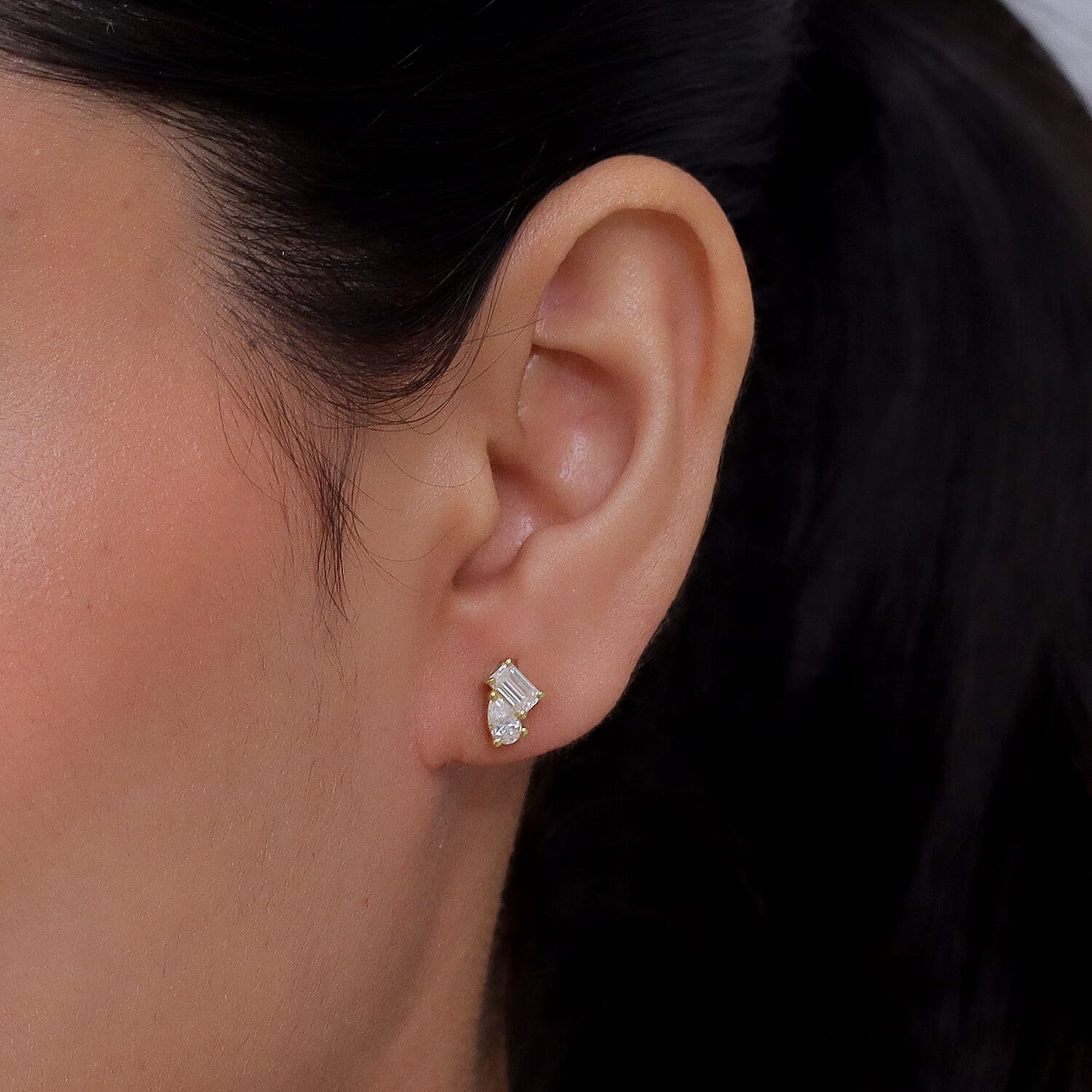 D'Joy - Moissanite Toi-et-Moi Push Post Earring in Yellow Gold Plated Sterling Silver 8561778 2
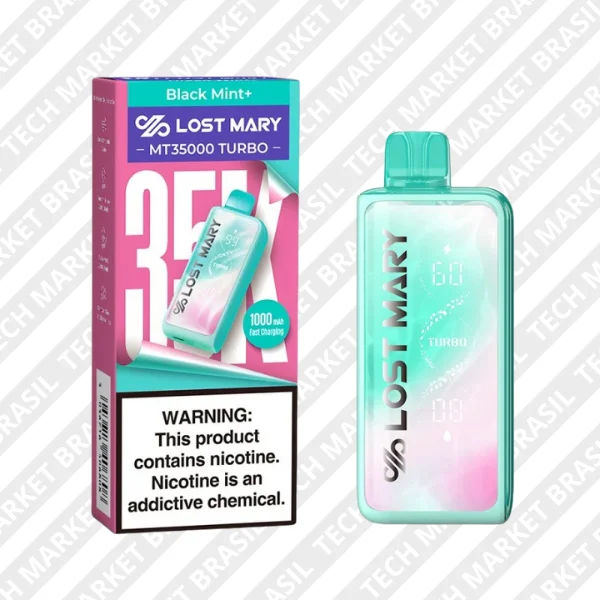 Pod Descartavél Lost mary MT 35000 Turbo Black Mint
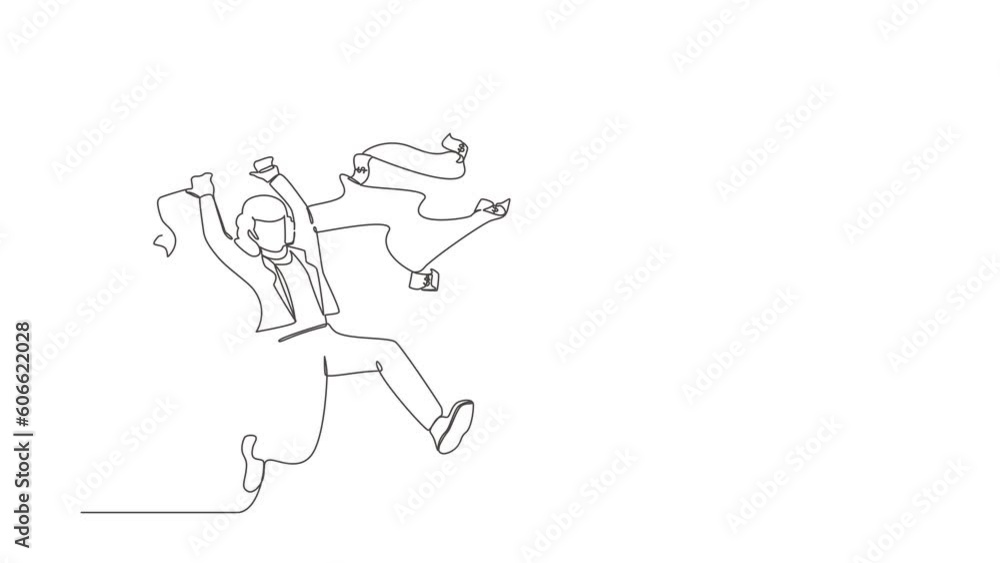 Animated self drawing of continuous line draw businesswoman trying to catch flying money with net. Running entrepreneur woman using opportunity to scoop dollar bills. Full length single line animation Animated self drawing of continuous line draw businesswoman trying to catch flying money with net. Running entrepreneur woman using opportunity to scoop dollar bills. Full length single line animation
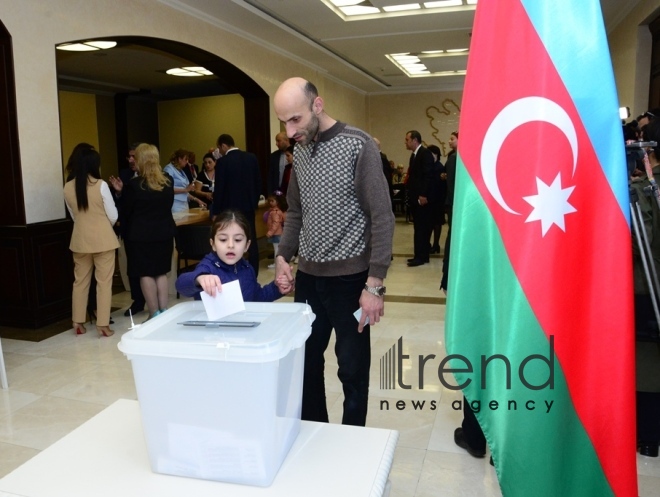 Voting in presidential election starts in Azerbaijan. Azerbaijan, Baku, april 11 , 2018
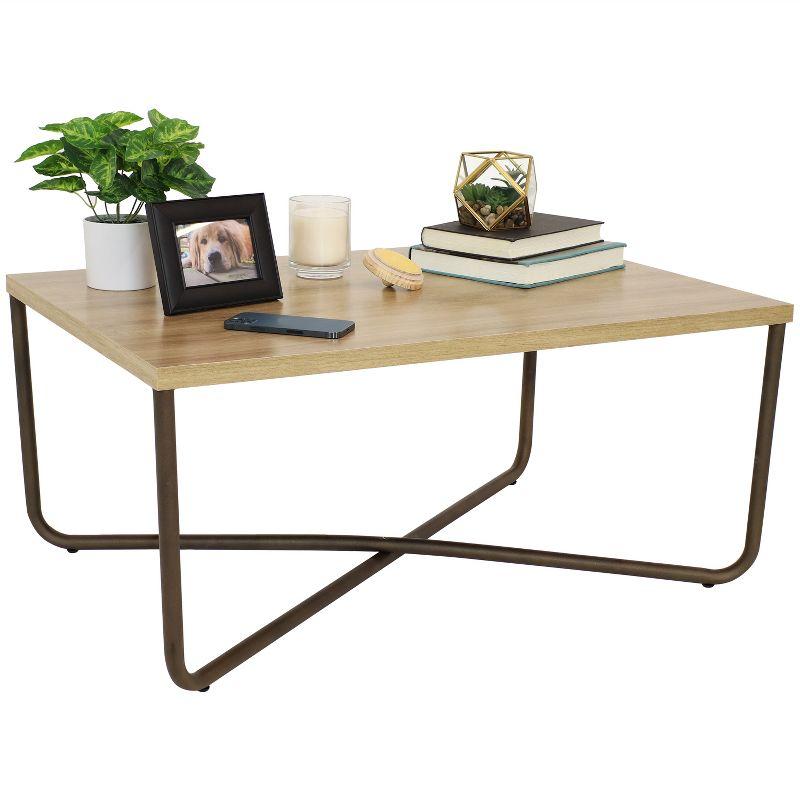 Sunnydaze Indoor MDP Cross Legs Coffee Table - MDP Construction - Brown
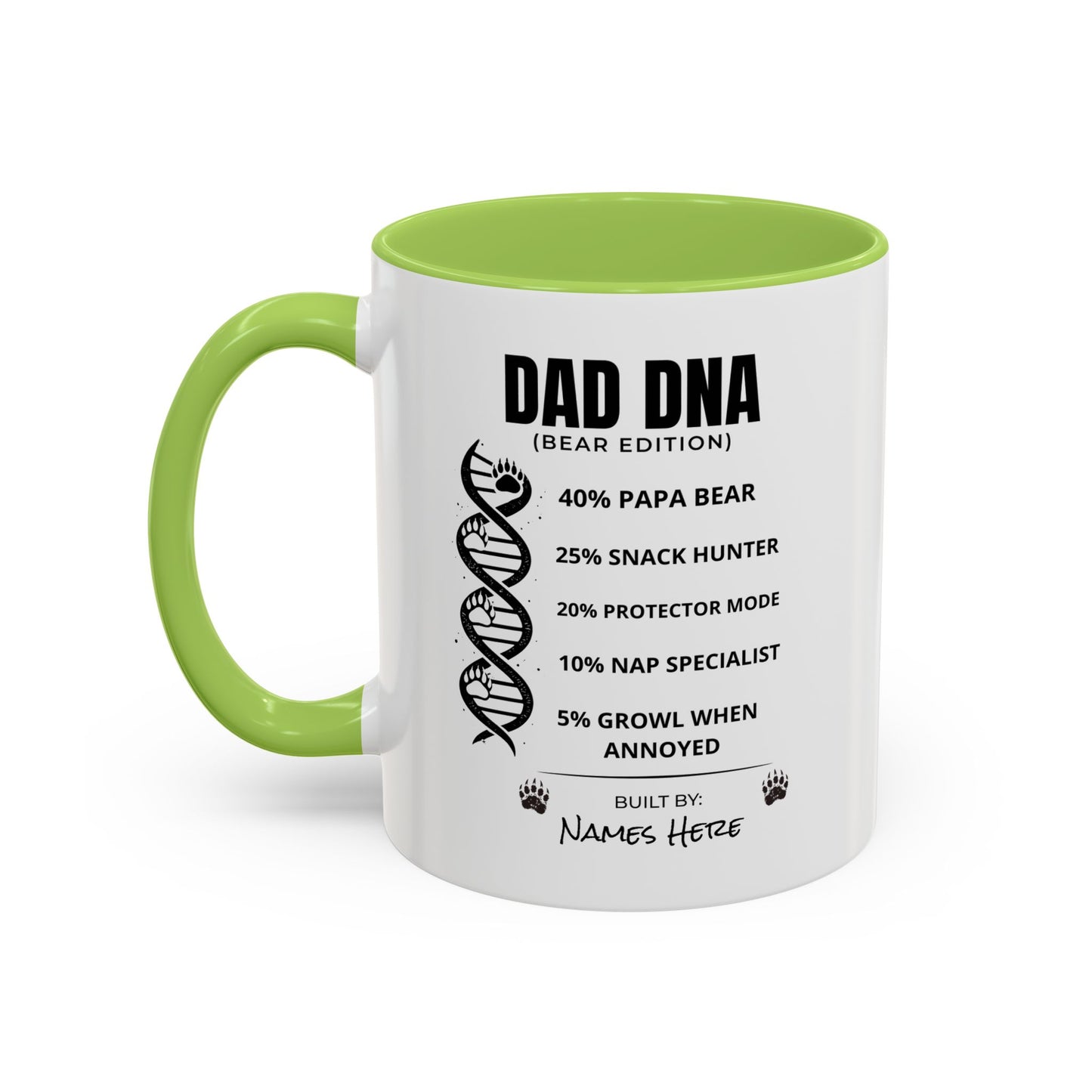 Dad DNA Coffee Mug Personalised — "Bear Edition" Funny Fathers Day Accent Mug (11oz)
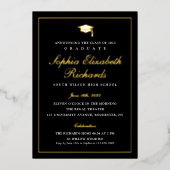 Elegant zwart en goud 3 foto afstudeer  folie uitnodiging (Voorkant)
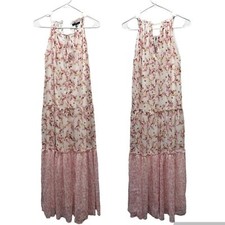 DREW Naomi Vintage Mixed Pink Floral Chiffon Cottagecore Maxi Dress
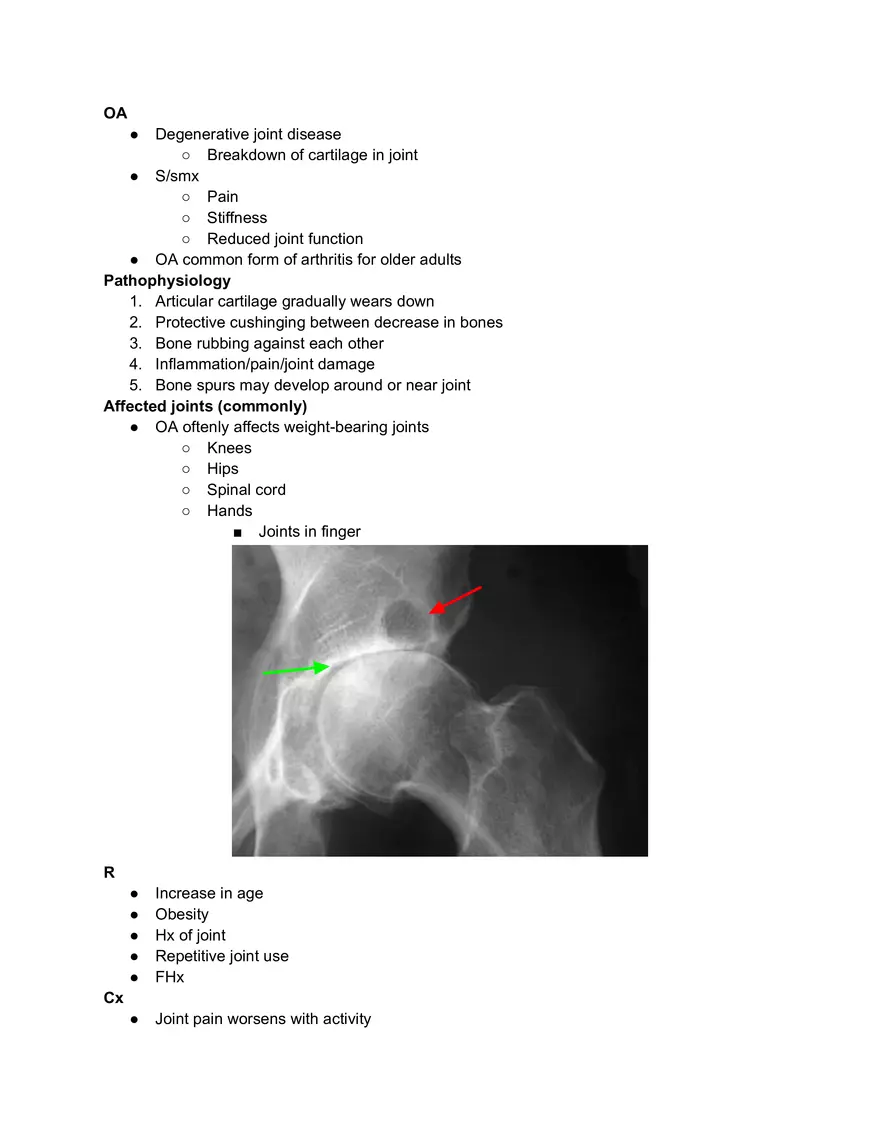 Osteoarthritis Pathophysiology - Page 1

──────────────────────────────

» **Exercise instructions**
Give the data above back unchanged, except for the pictures.

» **Result of this task**
 D'Joy - Moissanite Toi-et-Moi Push Post Earring in Yellow Gold Plated Sterling Silver 8561778 2
 Pod Descartavél Lost mary MT 35000 Turbo Black Mint
 Animated self drawing of continuous line draw businesswoman trying to catch flying money with net. Running entrepreneur woman using opportunity to scoop dollar bills. Full length single line animation Animated self drawing of continuous line draw businesswoman trying to catch flying money with net. Running entrepreneur woman using opportunity to scoop dollar bills. Full length single line animation
 Voting in presidential election starts in Azerbaijan. Azerbaijan, Baku, april 11 , 2018
 Sunnydaze Indoor MDP Cross Legs Coffee Table - MDP Construction - Brown
 Dad DNA Coffee Mug Personalised — "Bear Edition" Funny Fathers Day Accent Mug (11oz)
 Elegant zwart en goud 3 foto afstudeer  folie uitnodiging (Voorkant)
 DREW Naomi Vintage Mixed Pink Floral Chiffon Cottagecore Maxi Dress
 Osteoarthritis Pathophysiology - Page 1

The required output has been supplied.